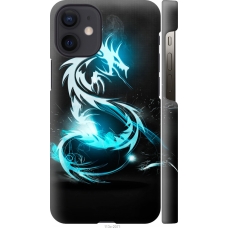 Чохол на iPhone 12 Mini Біло-блакитний вогненний дракон 113c-2071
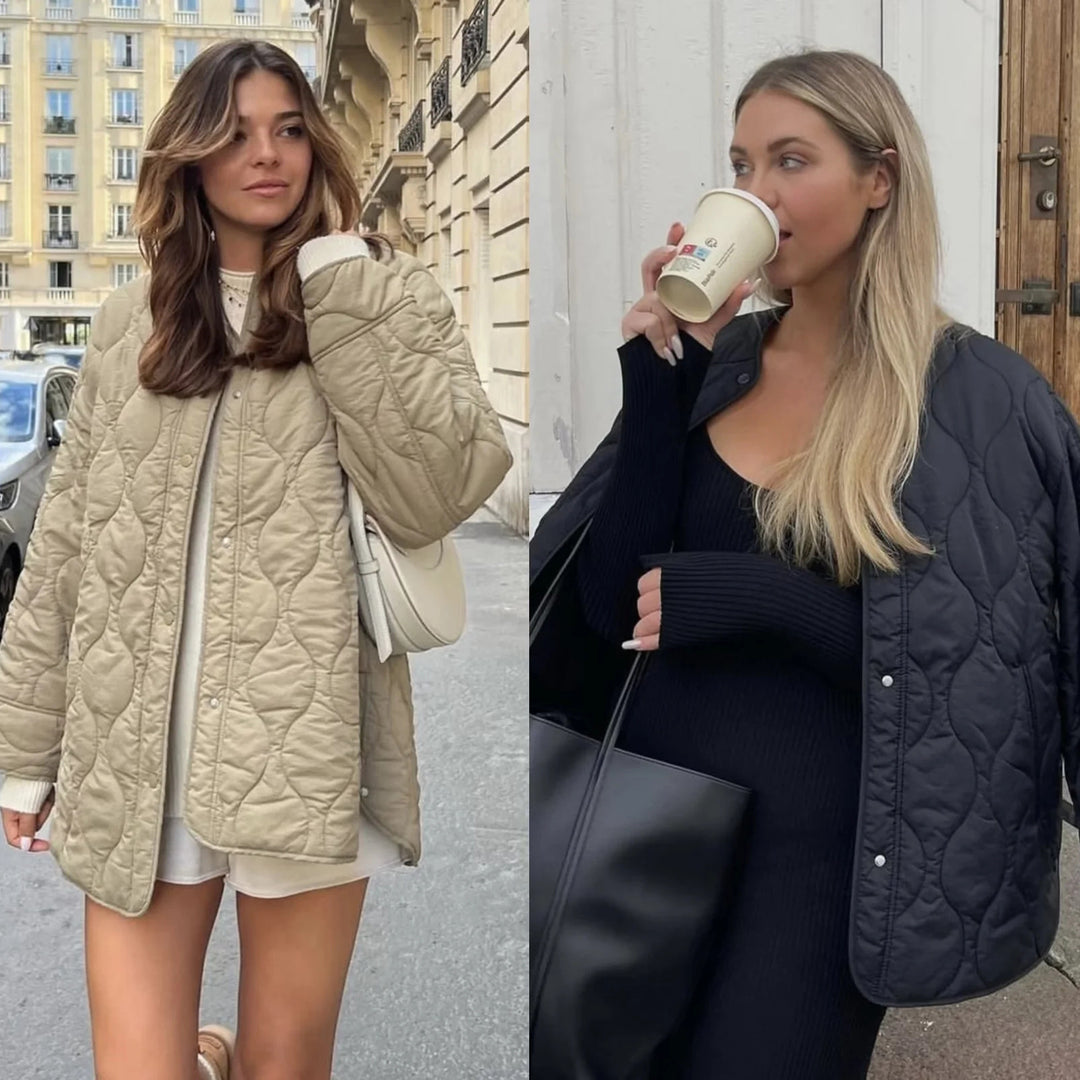 Women’s Longline Padded Jacket with Oversized Silhouette and Snap Button Closure Mune Fashion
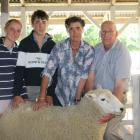 Snowdon Station sheep breeder Annabel Tripp (third from left), accompanied by her children...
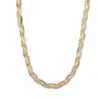 Collar de serpiente tejido a mano de tres colores de acero de titanio, personalidad femenina, moda, cadena para la clavícula tejida de tres hebras retorcidas, estilo europeo y americano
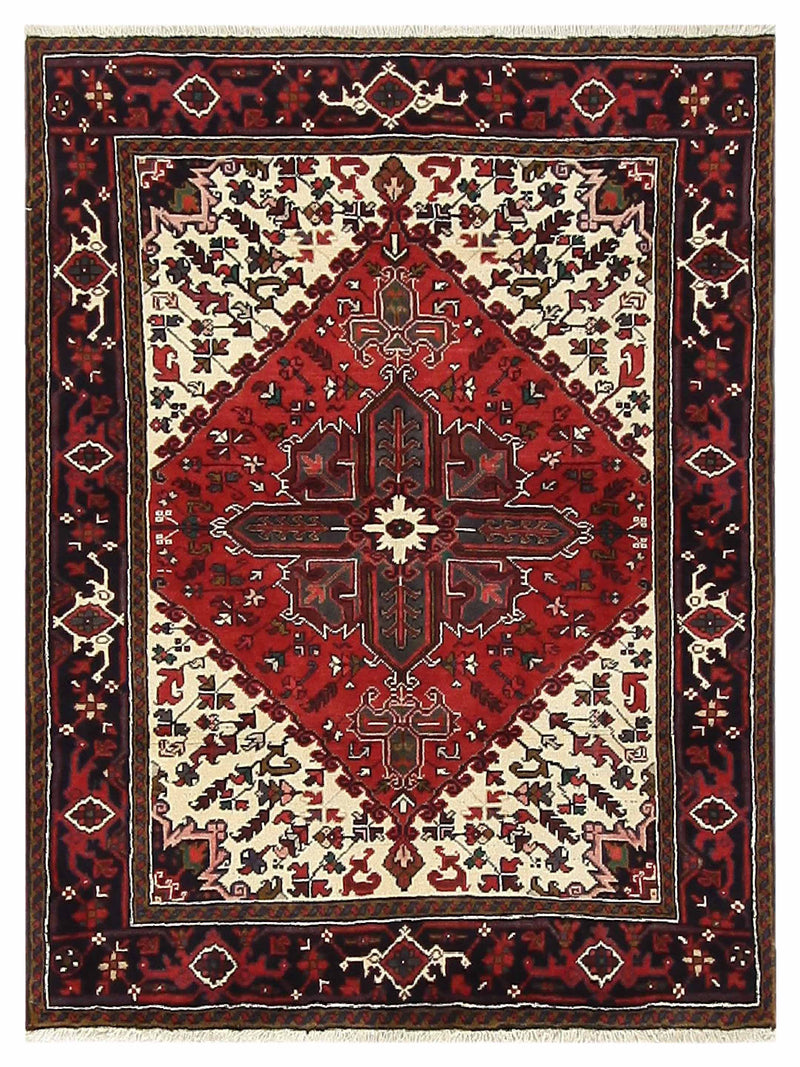 Fasa Antique Heriz  Ivory Burgundy Traditional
....
▶ [Task goal]: Return every entry above exactly as written, with no pictures included.

▶ [Worked solution]:
 Чохол на iPhone 12 Mini Біло-блакитний вогненний дракон 113c-2071
 Women’s Longline Padded Jacket with Oversized Silhouette and Snap Button Closure Mune Fashion
 Snowdon Station sheep breeder Annabel Tripp (third from left), accompanied by her children...
 Collar de serpiente tejido a mano de tres colores de acero de titanio, personalidad femenina, moda, cadena para la clavícula tejida de tres hebras retorcidas, estilo europeo y americano
 Fasa Antique Heriz  Ivory Burgundy Traditional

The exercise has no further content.